[Task objective]
Using the data below, print exactly the line with "Funny Fasting Poster", the line with "- grafika 1", and every line between them, but none of the pictures.

[Data supplied]

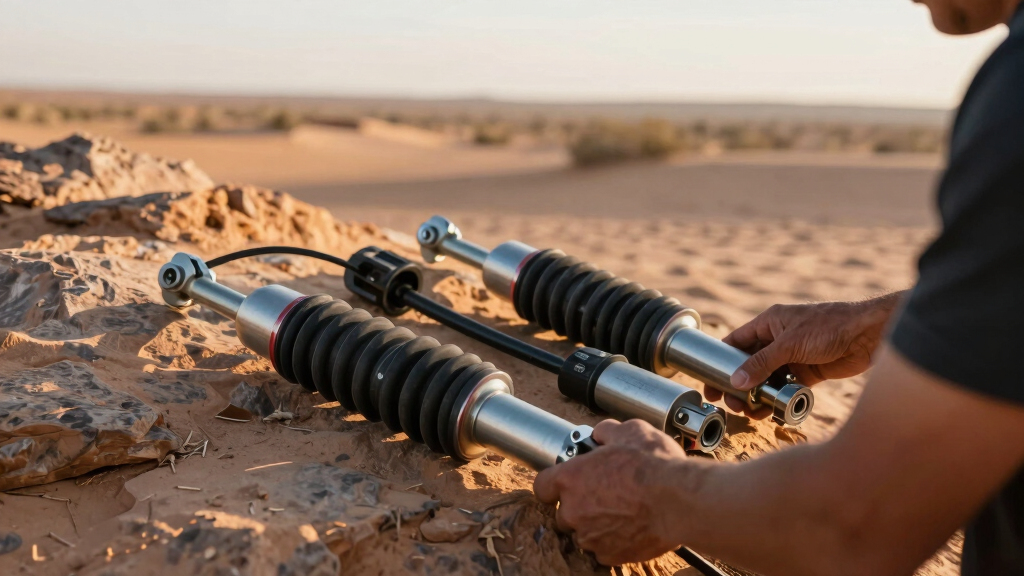 best bypass shock kits for desert trucks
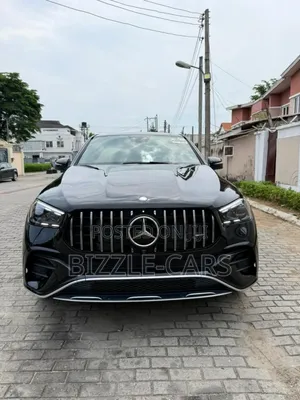 Mercedes-Benz GLE-Class AMG GLE 53 4MATIC 2024 Black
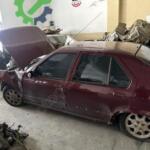 RENAULT EUROPA 19 SOL ARKA KAPI ORJİNAL ÇIKMA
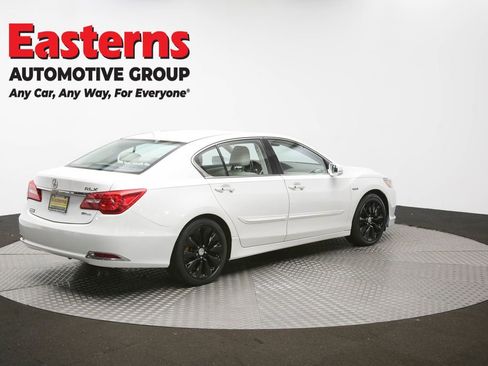 Used 2016 Acura RLX Sport Hybrid w/ Technology Pkg image 43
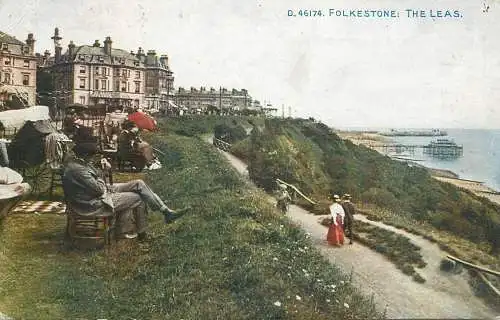 England Folkestone - the Leas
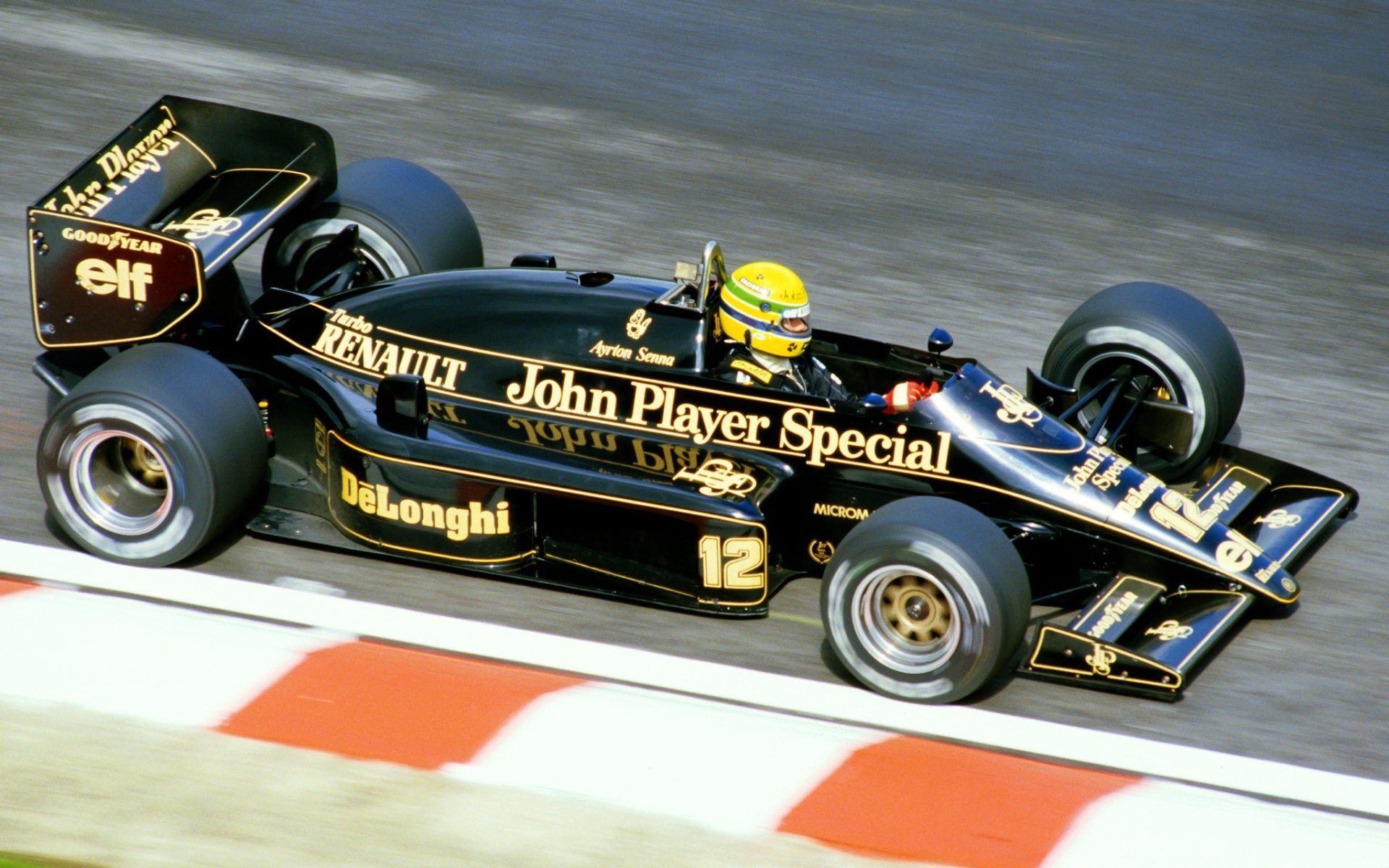 lotus 97t 1985 lotus bolid wyścigowy ayrton senna aitron senna zawodnik f1 f1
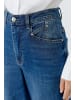Oui Jeans HIGH WAIST in bright blue denim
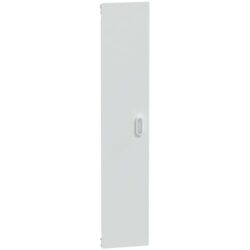 Schneider Residential - PrismaSeT S - Porte Pleine pour gaine 7 rangées - blanche - LVSSDD7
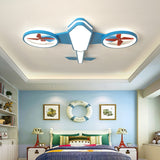 Air Plane Kids Ceiling Light - Cozy Nursery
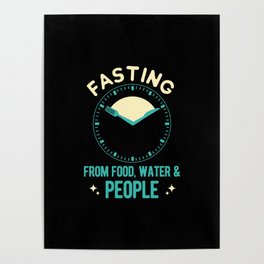 Funny Fasting Poster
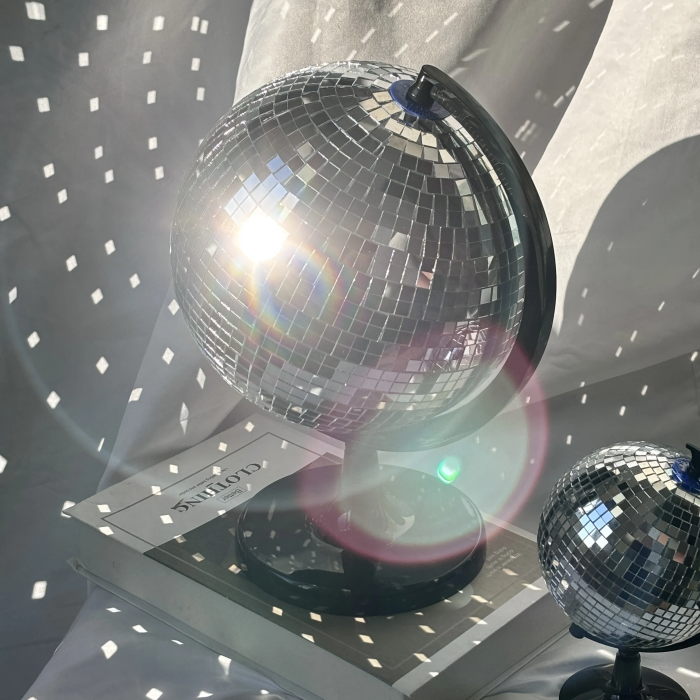 Disco Ball Globe | Aesthetic Room Decor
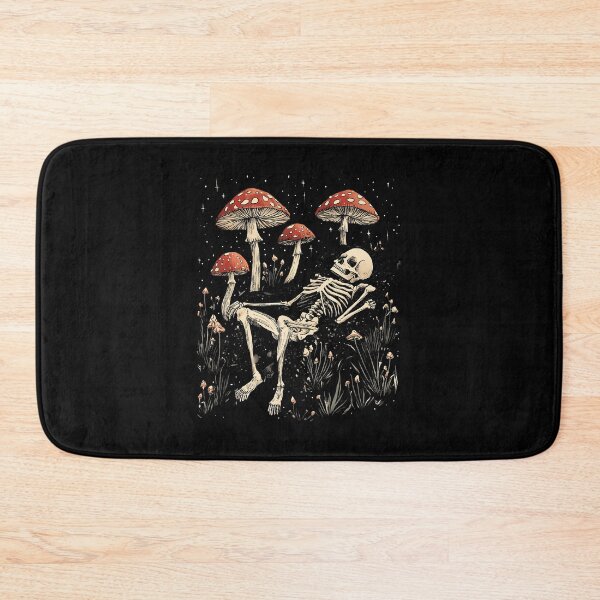 Item preview, Goblincore Cottagecore Skeleton Mushroom Color designed and sold by elihletoriong.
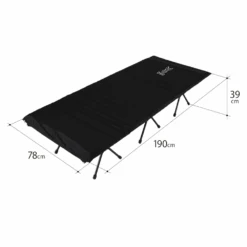 DoD Hanpen In The Sky Camping Bed 11 DoD Hanpen In The Sky Camping Bed -Montanic Store CB1 633 BK 5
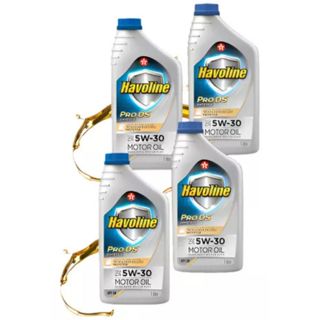 Kit 4 Litros Óleo Motor Havoline 5w30 Pro Ds 100% Sintético Api Sp em Oferta na Shopee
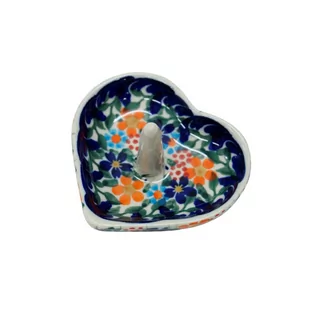 Ceramiczny stojak na biżuterię Ceramika Bolesławiec - Biżuteria - akcesoria Ceramiczny stojak na biżuterię Ceramika Bolesławiec - Biżuteria - akcesoria - miniaturka - grafika 1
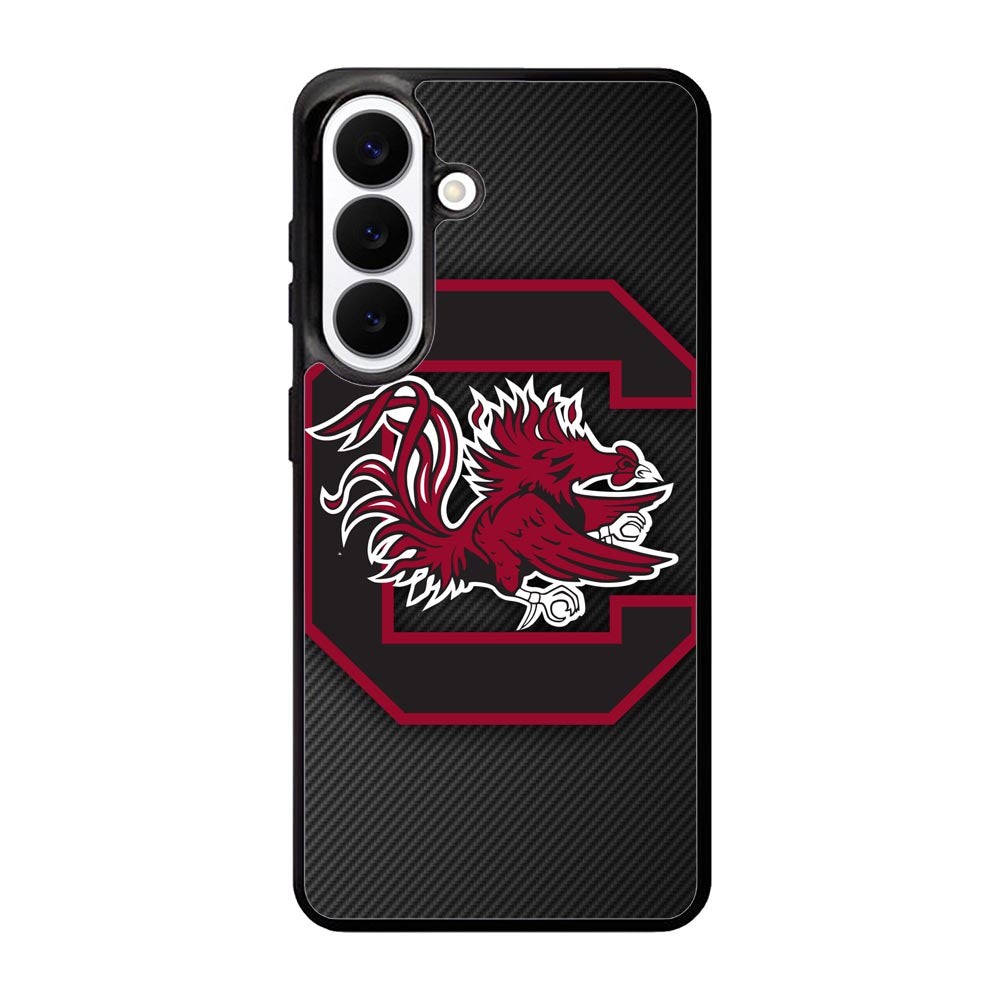 USC University of South Carolina Gamecocks Logo Samsung Galaxy S26 Case BC1790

[Answer to this exercise]
 Funny Fasting Poster
 Disco Ball Globe | Aesthetic Room Decor
 Item preview, Goblincore Cottagecore Skeleton Mushroom Color designed and sold by elihletoriong.
 DoD Hanpen In The Sky Camping Bed 11 DoD Hanpen In The Sky Camping Bed -Montanic Store CB1 633 BK 5
 Kit 4 Litros Óleo Motor Havoline 5w30 Pro Ds 100% Sintético Api Sp em Oferta na Shopee
 Ceramiczny stojak na biżuterię Ceramika Bolesławiec - Biżuteria - akcesoria Ceramiczny stojak na biżuterię Ceramika Bolesławiec - Biżuteria - akcesoria - miniaturka - grafika 1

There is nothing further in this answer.